### Assigned task
All lines from the opening of the data to the line containing "Group of women" must be returned unchanged, and only those lines.

═════ Given data ═════

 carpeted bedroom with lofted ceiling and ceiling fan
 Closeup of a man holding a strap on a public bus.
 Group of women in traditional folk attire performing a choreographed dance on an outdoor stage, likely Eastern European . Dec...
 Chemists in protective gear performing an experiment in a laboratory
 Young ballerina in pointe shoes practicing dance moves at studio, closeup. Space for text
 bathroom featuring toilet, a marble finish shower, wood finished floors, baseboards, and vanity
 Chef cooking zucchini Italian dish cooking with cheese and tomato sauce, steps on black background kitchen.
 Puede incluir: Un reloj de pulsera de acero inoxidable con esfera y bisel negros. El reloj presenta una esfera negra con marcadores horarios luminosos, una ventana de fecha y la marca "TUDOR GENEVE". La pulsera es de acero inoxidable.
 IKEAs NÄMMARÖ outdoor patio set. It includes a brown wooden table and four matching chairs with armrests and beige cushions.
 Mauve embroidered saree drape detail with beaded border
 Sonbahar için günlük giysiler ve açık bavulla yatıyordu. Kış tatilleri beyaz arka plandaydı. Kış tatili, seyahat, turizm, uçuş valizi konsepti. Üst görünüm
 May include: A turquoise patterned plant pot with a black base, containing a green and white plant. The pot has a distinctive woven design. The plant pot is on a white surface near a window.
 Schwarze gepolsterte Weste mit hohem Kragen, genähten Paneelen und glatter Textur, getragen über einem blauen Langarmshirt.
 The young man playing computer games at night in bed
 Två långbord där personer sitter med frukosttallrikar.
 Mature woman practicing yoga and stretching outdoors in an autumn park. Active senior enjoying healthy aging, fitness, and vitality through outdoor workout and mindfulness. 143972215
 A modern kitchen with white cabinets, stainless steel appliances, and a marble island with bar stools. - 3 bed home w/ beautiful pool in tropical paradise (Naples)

═════

### Your solution
 carpeted bedroom with lofted ceiling and ceiling fan
 Closeup of a man holding a strap on a public bus.
 Group of women in traditional folk attire performing a choreographed dance on an outdoor stage, likely Eastern European . Dec...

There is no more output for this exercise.